:: Exercise data ::

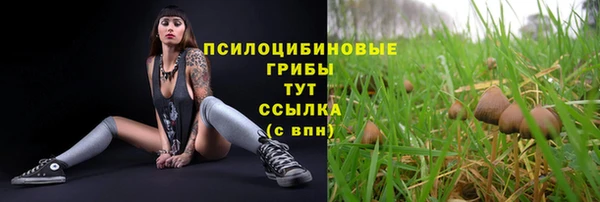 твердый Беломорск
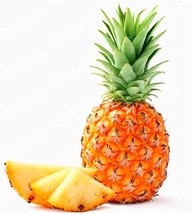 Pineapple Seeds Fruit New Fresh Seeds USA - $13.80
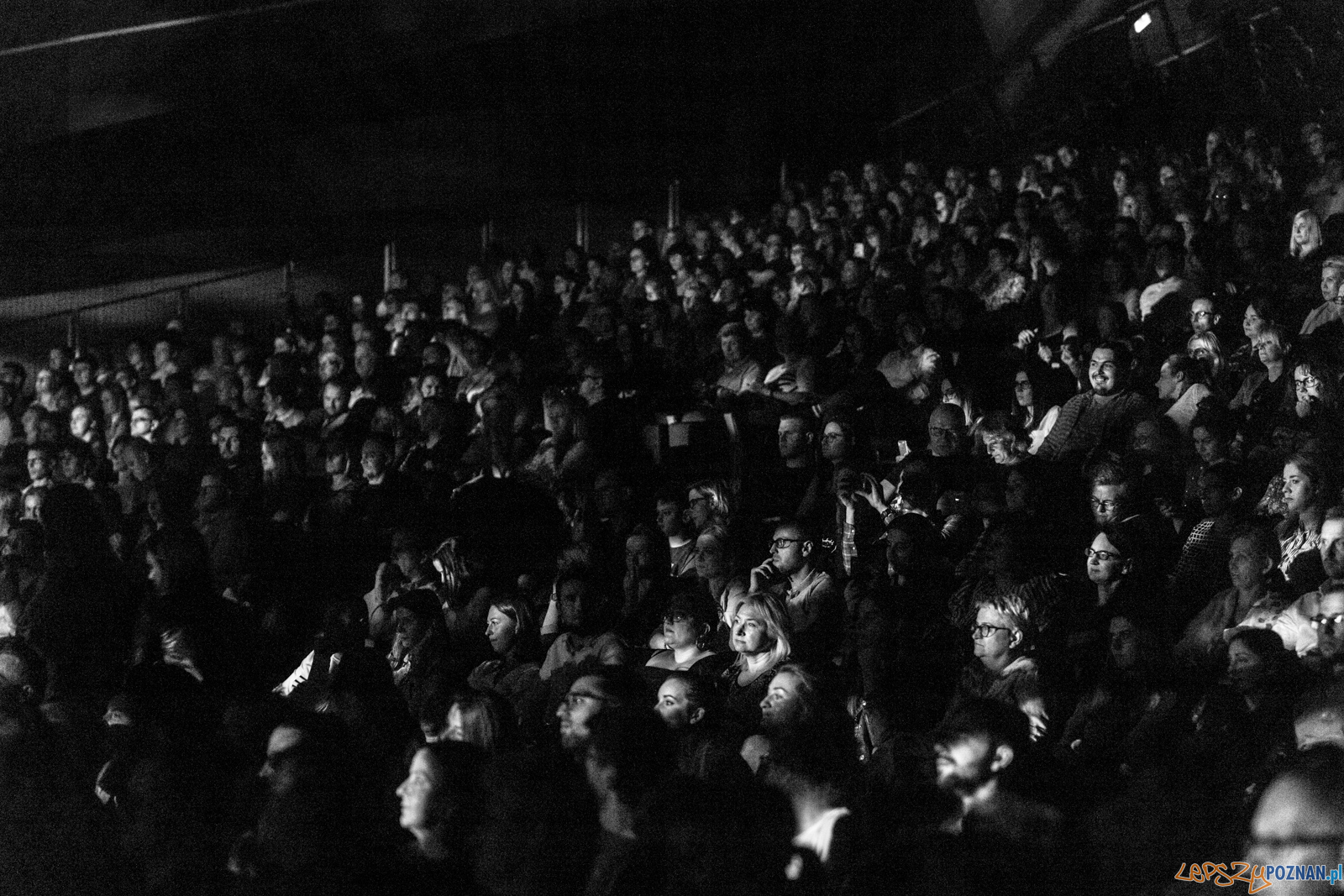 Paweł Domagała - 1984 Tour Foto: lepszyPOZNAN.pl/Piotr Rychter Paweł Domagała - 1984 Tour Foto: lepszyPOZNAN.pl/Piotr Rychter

:::
:: Exercise data ::

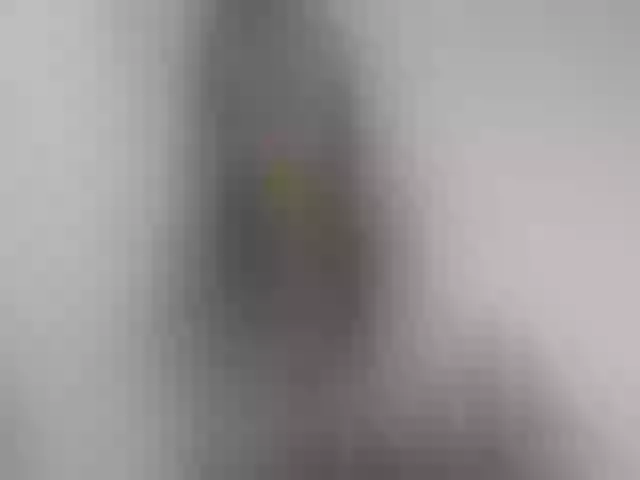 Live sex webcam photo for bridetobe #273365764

:::

Look back at the data above, then output exactly the lines from the line holding "твердый Беломорск" up to and including the line holding "lepszyPOZNAN.pl/Piotr Rychter Paweł". Leave out the pictures.

 твердый Беломорск
 Pineapple Seeds Fruit New Fresh Seeds USA - $13.80
 Paweł Domagała - 1984 Tour Foto: lepszyPOZNAN.pl/Piotr Rychter Paweł Domagała - 1984 Tour Foto: lepszyPOZNAN.pl/Piotr Rychter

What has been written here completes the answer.